Dunia menjadi tidak bisa berbuat banyak ketika utang ditempatkan sebagai king maker penggerak ekonomi. Akibatnya semua negara ketakutan karena menghadapi bed debt, dan gagal bayar. Padahal panduan umumnya memberikan diskursus bahwa utang sebaiknya digunakan sebagai pelengkap bukan sebagai yang utama.
Yang utama adalah ekuitas atau modal sendiri, sehingga lahir panduan debt equity ratio, misalnya 60/70% berupa ekuitas, dan 40/30% berupa utang. Tapi prakteknya, kaidah sederhana ini dilanggar habis – habiskan agar kapitalisme bisa hidup mewah, bisa mengusai dunia dan kekuasaan. Bed debt ataupun gagal bayar adalah harapan mereka.

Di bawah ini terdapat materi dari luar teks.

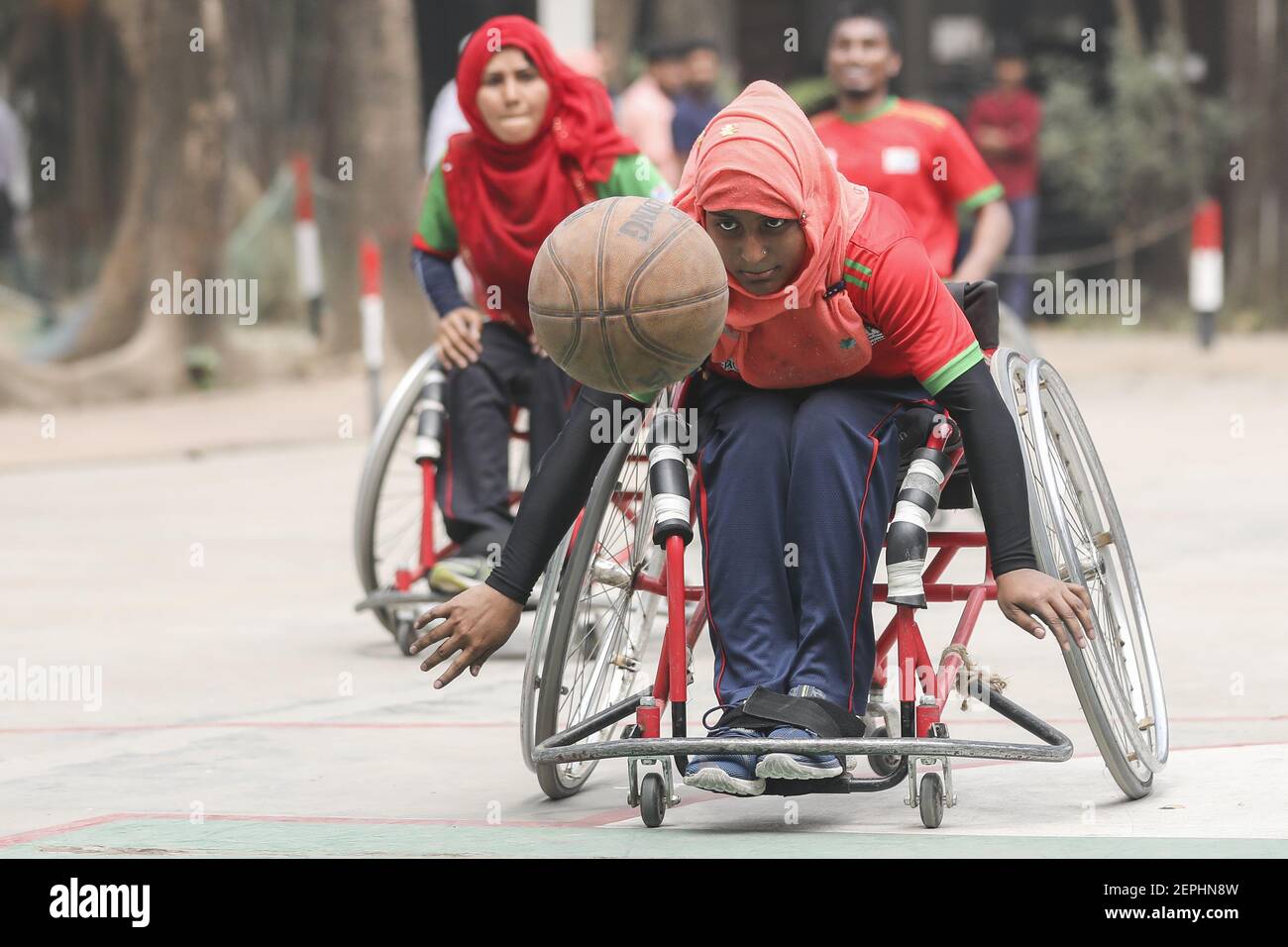 Bangladeshi wheelchair basketball players including men and women play  during a friendly match jointly organized by the Centre for Rehabilitation  of the Paralyzed (CRP) and the International Committee of the Red Cross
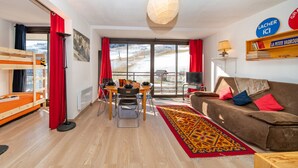 A cozy living room with a wooden bunk bed, a dining table with chairs, a sofa with cushions, a patterned rug, and a large window with a view of a snowy landscape. - Baikonour by Interhome (Le Corbier)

Praktek ini melembaga dan para debitur harus pasrah menghadapi ancaman debt crises karena tak mampu bayar utang. Uang, modal, dan total control adalah platform politik ekonomi kapitalisme yang captive marketnya adalah negara-negara emerging economy, termasuk Indonesia. Mereka tidak pelit memberi status invesment grade dan credit rating yang baik – baik di sejumlah emerging economy karena negara-negara ini haus dana pembangunan dan investasi.
KEEMPAT, dengan perspektifnya masing – masing, kita bisa mengutarakan cara pandang secara obyektif maupun subyektif tentang apa yang seharusnya dan apa faktanya.Yang seharusnya adalah 60/70% adalah ekuitas, dan 40/30% adalah utang. Faktanya secara umum yang terjadi sebaliknya, yaitu 60/70 % berupa utang, bahkan ada yang 100% utang. Jika anda percaya dengan fakta ini maka ketika semua negara memasang RATIO utang terhadap PDB maksimum 60% dianggap wajar, ya boleh jadi faktor nya bersumber dari fakta itu.
KELIMA, mari kembali ke laptop bahwa sistem ekonomi yang bergerak normal menjadi sumber penghidupan bagi konsumen, investor,produsen,, dan para pedagang. Mereka semua adalah pelaku pasar. Pemerintah adalah penjaga pasar. Fungsinya sebagai regulator dan fasilitator adalah menjamin ekosistem agar mereka mampu menjadi pelaku pasar yang efisien dan produktif.
Cara kita menekan utang luar negeri pemerintah atau swasta adalah hanya satu, yaitu debt equity rationya harus dikelola dengan taat azas, tidak boleh overstretch sehingga jumlah utangnya lebih besar dari utangnya, atau 60/70% utang,, dan equitynya hanya 40/30%.
Penulis bisa memahami jika menteri keuangan Sri Mulyani pernah menggagas bahwa sistem keuangan inklusif harus dibesarkan volume dan nilainya untuk mengatasi masalah klasik, yaitu saving and invesment gap. Atau jika menggunakan alur fikir kebijakan fiskal dimaksudkan untuk menekan defisit keseimbangan primer.
KEENAM, upaya ini berarti mendorong mobilisasi dana masyarakat sebagai sumber dana investasi di dalam negeri. Saving and invesment gap, selama ini selalu ditutup dengan utang. Ke depan, gap tersebut harus ditutup dengan dana masyarakat di dalam negeri. Berarti bahwa sebagian pengeluaran belanja konsumsi rumah tangga yang mencapai rata-rata 56% terhadap PDB, saat ini sekitar Rp 9.000 triliun sebagian digeser menjadi dana investasi langsung untuk memproduksi barang dan jasa di dalam negeri.
Dana yang dipakai untuk konsumsi dapat menjadi obyek PPN, dan yang ditempatkan sebagai dana investasi harus bebas PPN. Mari kita tata ulang policy frameworknya secara lengkap dalam satu mata rantai untuk mewujudkan pola hubungan antara komponen pembentuk PDB. Sehingga pengerahan sumber daya domestik untuk menggerakkan konsumsi, investasi, produksi, ekspor tidak lagi sepenuhnya bergantung pada sumber daya eksternal yang sekarang ini biayanya semakin mahal. Sederhana bukan? Gitu saja kok repot.